— Problem —
Where the line with "Surreal Artwork for" appears below, start writing out lines exactly, and finish with the line with "4L Smart Automatic", which is included; write out nothing else.

Short web captions:
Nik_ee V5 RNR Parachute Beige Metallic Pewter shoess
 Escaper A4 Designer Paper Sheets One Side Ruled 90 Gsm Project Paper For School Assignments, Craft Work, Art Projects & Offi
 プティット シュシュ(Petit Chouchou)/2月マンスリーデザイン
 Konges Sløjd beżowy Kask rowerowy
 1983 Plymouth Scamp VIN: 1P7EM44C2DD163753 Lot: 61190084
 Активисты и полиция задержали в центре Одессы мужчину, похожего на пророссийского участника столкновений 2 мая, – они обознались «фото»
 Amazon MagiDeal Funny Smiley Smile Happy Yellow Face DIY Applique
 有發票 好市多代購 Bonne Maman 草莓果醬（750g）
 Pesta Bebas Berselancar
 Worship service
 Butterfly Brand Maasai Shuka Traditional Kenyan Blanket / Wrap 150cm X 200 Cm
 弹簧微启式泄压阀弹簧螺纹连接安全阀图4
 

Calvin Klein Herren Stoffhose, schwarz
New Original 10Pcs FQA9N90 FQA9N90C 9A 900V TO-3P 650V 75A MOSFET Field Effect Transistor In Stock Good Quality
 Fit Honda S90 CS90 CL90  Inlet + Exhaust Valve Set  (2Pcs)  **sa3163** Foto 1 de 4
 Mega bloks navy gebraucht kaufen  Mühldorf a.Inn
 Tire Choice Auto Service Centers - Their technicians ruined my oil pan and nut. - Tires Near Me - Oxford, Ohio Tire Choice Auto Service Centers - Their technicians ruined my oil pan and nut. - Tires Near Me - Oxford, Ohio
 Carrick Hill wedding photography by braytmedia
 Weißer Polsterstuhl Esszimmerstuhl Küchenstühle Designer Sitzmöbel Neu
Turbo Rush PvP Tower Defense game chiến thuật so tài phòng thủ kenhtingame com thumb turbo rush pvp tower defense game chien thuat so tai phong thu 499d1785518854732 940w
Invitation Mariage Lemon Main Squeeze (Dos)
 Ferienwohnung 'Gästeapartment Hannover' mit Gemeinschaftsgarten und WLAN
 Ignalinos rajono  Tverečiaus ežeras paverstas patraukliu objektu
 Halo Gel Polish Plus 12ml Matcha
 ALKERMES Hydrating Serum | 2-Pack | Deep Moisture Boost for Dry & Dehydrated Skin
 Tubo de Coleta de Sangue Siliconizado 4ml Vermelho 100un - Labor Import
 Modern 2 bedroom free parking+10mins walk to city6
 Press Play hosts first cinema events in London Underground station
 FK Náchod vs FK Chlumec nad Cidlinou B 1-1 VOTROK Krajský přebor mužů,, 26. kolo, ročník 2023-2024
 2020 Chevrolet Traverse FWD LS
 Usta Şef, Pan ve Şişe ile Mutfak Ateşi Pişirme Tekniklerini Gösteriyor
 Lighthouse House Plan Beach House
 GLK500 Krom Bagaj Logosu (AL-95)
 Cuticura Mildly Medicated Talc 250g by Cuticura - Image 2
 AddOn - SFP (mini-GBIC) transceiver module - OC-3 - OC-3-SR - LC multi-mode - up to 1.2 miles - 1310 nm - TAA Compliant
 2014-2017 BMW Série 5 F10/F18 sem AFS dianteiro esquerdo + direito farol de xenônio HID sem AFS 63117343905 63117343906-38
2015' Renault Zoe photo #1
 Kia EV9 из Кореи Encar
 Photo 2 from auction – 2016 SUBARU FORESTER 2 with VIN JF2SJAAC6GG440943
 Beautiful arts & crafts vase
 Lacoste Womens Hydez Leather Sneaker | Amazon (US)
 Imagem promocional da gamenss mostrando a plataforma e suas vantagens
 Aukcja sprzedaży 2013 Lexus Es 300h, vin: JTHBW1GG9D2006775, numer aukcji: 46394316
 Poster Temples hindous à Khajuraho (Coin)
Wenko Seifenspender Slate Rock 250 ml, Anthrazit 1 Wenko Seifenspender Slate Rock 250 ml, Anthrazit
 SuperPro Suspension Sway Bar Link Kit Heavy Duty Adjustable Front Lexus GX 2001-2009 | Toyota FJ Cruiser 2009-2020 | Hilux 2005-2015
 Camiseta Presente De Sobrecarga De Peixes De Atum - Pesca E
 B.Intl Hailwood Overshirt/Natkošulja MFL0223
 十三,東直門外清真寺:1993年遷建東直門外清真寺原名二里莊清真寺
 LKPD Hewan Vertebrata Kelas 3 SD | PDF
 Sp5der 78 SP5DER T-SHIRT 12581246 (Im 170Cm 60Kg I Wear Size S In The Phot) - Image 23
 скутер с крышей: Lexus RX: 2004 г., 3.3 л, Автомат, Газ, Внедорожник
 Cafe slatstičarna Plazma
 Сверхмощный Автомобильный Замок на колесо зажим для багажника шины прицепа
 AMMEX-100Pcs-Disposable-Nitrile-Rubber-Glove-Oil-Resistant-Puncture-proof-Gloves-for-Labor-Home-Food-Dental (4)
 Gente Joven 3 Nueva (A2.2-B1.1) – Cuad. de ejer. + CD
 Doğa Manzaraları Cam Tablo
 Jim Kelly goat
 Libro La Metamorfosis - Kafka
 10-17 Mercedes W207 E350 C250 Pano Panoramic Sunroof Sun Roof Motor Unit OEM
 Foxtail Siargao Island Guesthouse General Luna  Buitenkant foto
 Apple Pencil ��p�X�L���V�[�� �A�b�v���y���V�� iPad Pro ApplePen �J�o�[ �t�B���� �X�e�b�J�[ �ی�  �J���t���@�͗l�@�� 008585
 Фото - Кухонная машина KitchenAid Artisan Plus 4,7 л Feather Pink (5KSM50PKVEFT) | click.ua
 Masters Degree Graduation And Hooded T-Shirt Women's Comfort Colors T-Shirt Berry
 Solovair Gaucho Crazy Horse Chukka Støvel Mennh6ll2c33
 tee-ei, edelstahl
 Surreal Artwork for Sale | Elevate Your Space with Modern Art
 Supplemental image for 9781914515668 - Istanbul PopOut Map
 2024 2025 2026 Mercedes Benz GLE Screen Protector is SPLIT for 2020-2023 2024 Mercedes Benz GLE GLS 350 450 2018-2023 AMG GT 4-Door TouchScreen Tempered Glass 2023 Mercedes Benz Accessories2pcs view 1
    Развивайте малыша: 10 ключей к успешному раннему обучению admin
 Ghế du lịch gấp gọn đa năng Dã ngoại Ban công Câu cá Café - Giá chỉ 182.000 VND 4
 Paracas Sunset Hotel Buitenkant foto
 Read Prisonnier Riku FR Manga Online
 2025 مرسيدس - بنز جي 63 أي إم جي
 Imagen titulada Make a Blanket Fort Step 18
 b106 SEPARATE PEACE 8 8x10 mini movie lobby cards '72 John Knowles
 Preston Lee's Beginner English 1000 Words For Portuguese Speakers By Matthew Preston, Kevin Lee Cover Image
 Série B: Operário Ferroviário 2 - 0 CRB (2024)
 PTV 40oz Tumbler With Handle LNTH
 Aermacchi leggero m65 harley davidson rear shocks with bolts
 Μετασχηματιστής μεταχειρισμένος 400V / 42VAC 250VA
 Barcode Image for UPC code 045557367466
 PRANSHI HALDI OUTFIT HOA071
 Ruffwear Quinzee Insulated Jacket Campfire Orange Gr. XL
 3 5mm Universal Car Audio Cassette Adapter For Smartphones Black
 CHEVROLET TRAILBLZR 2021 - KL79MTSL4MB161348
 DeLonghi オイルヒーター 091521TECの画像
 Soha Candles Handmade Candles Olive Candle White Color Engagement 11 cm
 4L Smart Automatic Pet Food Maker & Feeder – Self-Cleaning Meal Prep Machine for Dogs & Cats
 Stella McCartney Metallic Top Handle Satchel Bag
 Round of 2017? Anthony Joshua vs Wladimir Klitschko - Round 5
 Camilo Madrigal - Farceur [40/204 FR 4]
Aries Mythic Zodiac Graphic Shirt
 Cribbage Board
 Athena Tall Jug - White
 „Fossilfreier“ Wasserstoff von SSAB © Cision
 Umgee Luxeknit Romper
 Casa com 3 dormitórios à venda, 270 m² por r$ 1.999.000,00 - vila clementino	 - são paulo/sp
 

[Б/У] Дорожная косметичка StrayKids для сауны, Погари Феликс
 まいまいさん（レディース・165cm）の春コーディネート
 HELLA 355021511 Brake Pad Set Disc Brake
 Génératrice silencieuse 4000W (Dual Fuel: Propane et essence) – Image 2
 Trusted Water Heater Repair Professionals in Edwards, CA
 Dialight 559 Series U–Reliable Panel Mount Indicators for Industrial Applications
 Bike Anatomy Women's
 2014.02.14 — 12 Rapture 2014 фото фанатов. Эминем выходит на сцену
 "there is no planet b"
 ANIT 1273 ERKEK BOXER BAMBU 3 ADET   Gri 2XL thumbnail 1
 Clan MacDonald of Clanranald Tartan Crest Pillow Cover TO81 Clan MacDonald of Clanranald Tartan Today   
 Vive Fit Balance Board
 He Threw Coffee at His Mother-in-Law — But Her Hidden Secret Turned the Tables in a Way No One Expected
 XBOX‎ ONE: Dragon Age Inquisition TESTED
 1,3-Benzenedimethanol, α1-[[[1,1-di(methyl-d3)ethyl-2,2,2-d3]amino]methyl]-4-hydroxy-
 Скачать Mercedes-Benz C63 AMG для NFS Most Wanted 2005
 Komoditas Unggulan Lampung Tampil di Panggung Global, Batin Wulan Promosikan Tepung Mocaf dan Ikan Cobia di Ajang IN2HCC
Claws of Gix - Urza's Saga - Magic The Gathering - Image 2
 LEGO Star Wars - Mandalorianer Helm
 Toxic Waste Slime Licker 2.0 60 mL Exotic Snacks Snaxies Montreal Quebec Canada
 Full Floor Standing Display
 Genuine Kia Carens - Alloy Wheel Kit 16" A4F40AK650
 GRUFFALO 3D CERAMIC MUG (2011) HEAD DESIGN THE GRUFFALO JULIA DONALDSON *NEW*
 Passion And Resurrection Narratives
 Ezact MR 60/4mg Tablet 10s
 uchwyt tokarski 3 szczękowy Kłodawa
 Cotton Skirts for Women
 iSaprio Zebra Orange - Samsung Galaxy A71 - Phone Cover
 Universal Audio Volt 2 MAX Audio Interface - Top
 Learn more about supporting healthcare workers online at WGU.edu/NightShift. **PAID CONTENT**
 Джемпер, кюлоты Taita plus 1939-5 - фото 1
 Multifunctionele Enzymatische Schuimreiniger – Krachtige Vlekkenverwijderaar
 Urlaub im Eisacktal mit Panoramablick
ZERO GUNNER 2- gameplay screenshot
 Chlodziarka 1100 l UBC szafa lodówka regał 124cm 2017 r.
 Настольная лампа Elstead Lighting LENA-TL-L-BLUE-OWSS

— Answer to this task —
 Surreal Artwork for Sale | Elevate Your Space with Modern Art
 Supplemental image for 9781914515668 - Istanbul PopOut Map
 2024 2025 2026 Mercedes Benz GLE Screen Protector is SPLIT for 2020-2023 2024 Mercedes Benz GLE GLS 350 450 2018-2023 AMG GT 4-Door TouchScreen Tempered Glass 2023 Mercedes Benz Accessories2pcs view 1
    Развивайте малыша: 10 ключей к успешному раннему обучению admin
 Ghế du lịch gấp gọn đa năng Dã ngoại Ban công Câu cá Café - Giá chỉ 182.000 VND 4
 Paracas Sunset Hotel Buitenkant foto
 Read Prisonnier Riku FR Manga Online
 2025 مرسيدس - بنز جي 63 أي إم جي
 Imagen titulada Make a Blanket Fort Step 18
 b106 SEPARATE PEACE 8 8x10 mini movie lobby cards '72 John Knowles
 Preston Lee's Beginner English 1000 Words For Portuguese Speakers By Matthew Preston, Kevin Lee Cover Image
 Série B: Operário Ferroviário 2 - 0 CRB (2024)
 PTV 40oz Tumbler With Handle LNTH
 Aermacchi leggero m65 harley davidson rear shocks with bolts
 Μετασχηματιστής μεταχειρισμένος 400V / 42VAC 250VA
 Barcode Image for UPC code 045557367466
 PRANSHI HALDI OUTFIT HOA071
 Ruffwear Quinzee Insulated Jacket Campfire Orange Gr. XL
 3 5mm Universal Car Audio Cassette Adapter For Smartphones Black
 CHEVROLET TRAILBLZR 2021 - KL79MTSL4MB161348
 DeLonghi オイルヒーター 091521TECの画像
 Soha Candles Handmade Candles Olive Candle White Color Engagement 11 cm
 4L Smart Automatic Pet Food Maker & Feeder – Self-Cleaning Meal Prep Machine for Dogs & Cats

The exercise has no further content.